An exact restatement of the entire listing is needed, excluding all images.

* **INFORMATION SUPPLIED**:
########################################
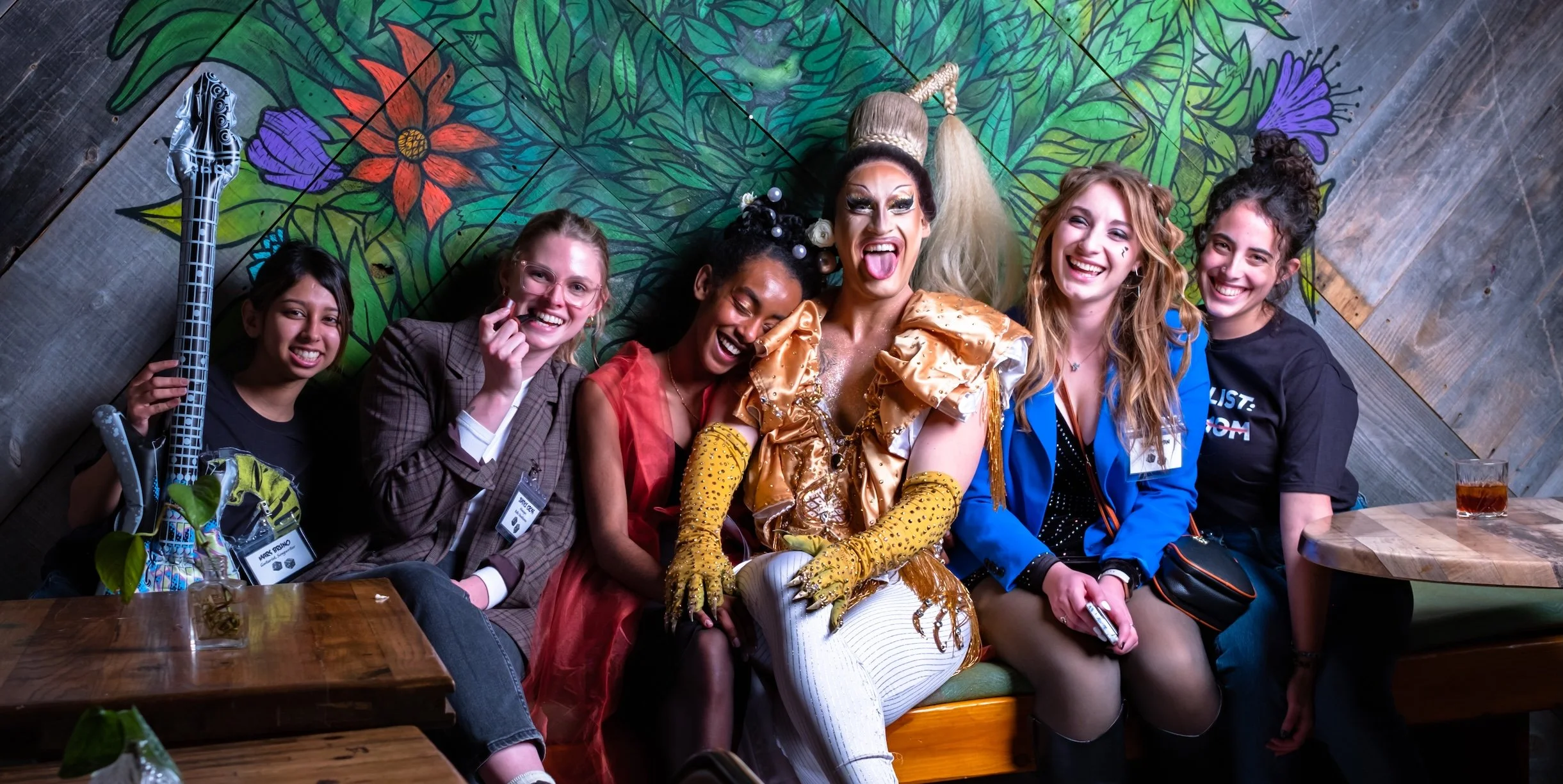 Professional Event Photography by Minneapolis Photographer Jay Cupcake. Group of six women sitting closely together in a restaurant, smiling, laughing, and making funny faces, with a colorful, floral mural wall behind them and tables with drinks in f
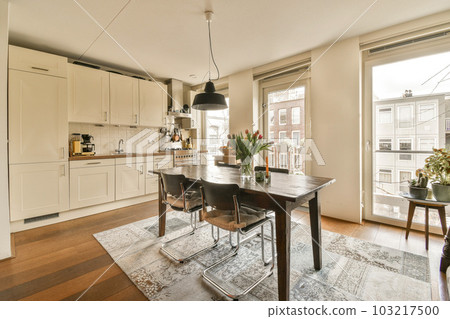 a kitchen, dining room and living area in an apartment with hardwood flooring on the other side of the room 103217500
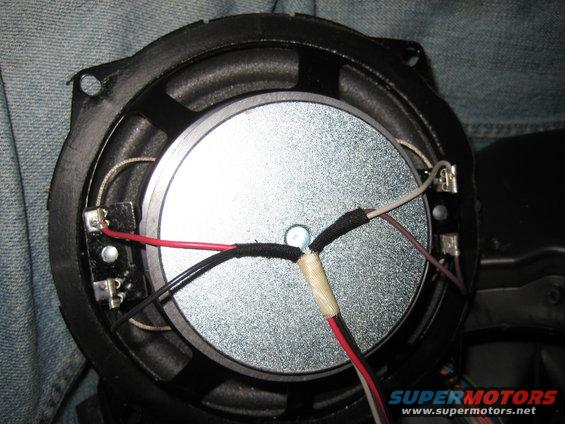 Speaker with red, black, and white wires connected to terminals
########################################
* **ANSWER SECTION**:
 Professional Event Photography by Minneapolis Photographer Jay Cupcake. Group of six women sitting closely together in a restaurant, smiling, laughing, and making funny faces, with a colorful, floral mural wall behind them and tables with drinks in f
 a kitchen, dining room and living area in an apartment with hardwood flooring on the other side of the room 103217500
 Speaker with red, black, and white wires connected to terminals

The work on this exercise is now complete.